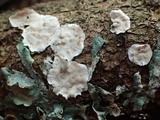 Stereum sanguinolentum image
==
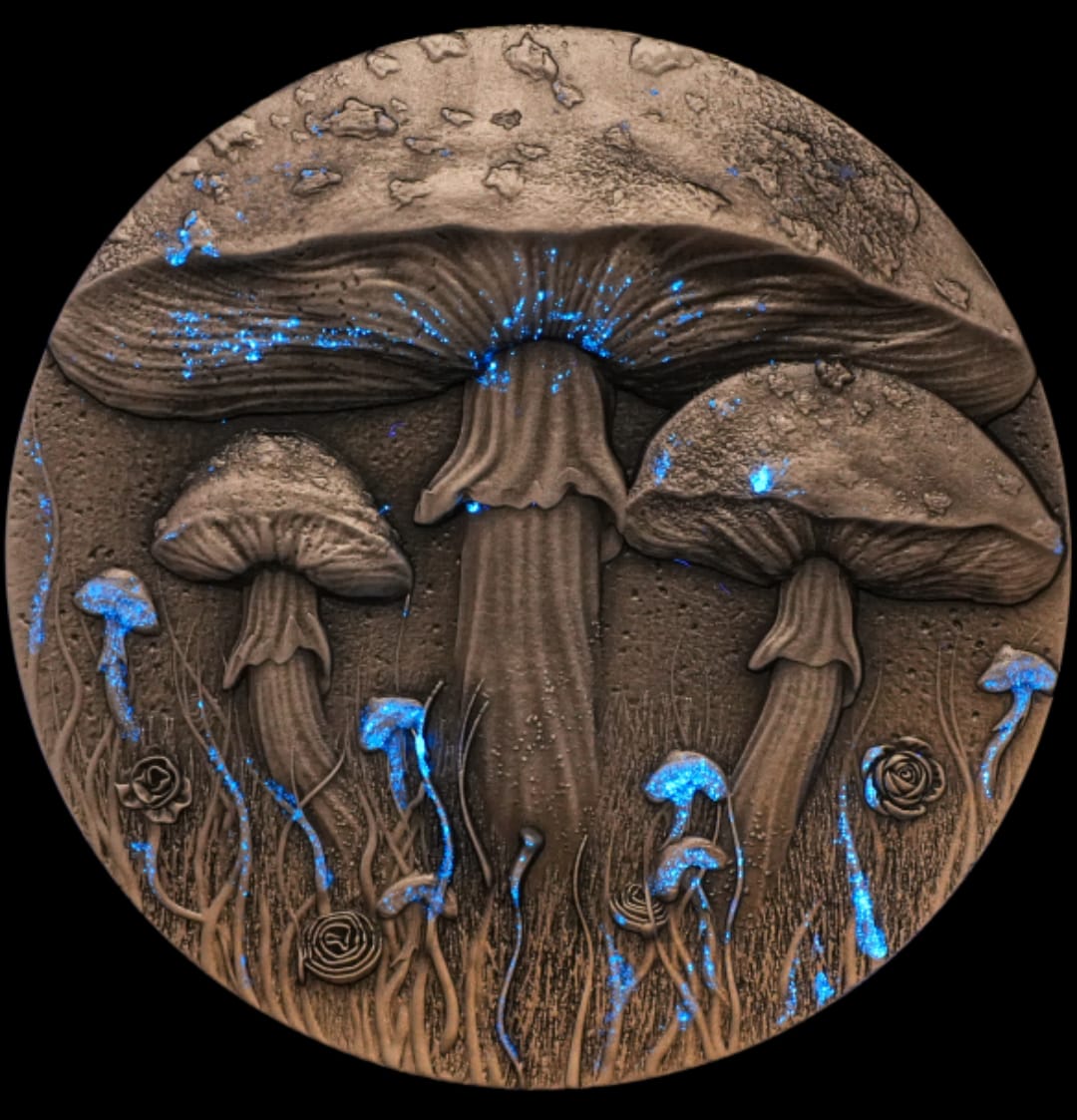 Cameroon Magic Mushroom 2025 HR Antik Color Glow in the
---
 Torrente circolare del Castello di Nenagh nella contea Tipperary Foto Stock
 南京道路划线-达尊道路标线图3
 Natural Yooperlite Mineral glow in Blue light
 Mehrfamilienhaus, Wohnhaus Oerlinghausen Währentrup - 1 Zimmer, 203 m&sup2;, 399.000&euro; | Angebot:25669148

### Exercise aim
Beginning with the line that has "Torrente circolare del" and ending with the line that has "Mehrfamilienhaus, Wohnhaus Oerlinghausen", set down the lines above exactly and include no others.

### Exercise response
 Torrente circolare del Castello di Nenagh nella contea Tipperary Foto Stock
 南京道路划线-达尊道路标线图3
 Natural Yooperlite Mineral glow in Blue light
 Mehrfamilienhaus, Wohnhaus Oerlinghausen Währentrup - 1 Zimmer, 203 m&sup2;, 399.000&euro; | Angebot:25669148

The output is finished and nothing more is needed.